----- Raw data

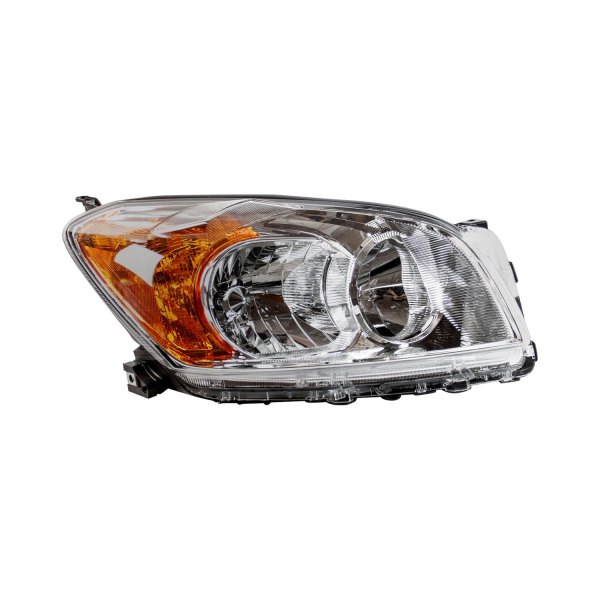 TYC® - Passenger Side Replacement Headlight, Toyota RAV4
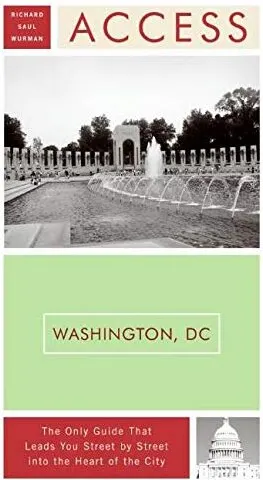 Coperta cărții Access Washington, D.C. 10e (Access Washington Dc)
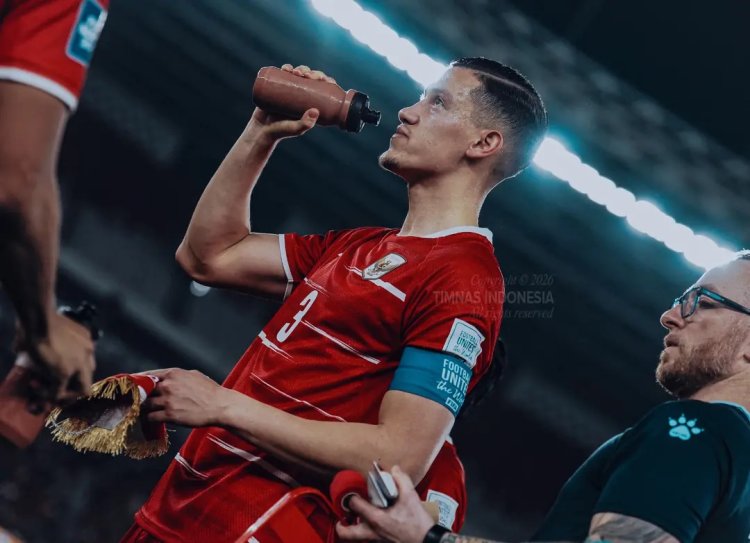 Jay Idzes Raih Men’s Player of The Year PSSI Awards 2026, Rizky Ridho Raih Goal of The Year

----------

### Assigned task
Write out every line of the listing exactly as written, and leave the pictures out.

### Written answer
 TYC® - Passenger Side Replacement Headlight, Toyota RAV4
 Coperta cărții Access Washington, D.C. 10e (Access Washington Dc)
 Jay Idzes Raih Men’s Player of The Year PSSI Awards 2026, Rizky Ridho Raih Goal of The Year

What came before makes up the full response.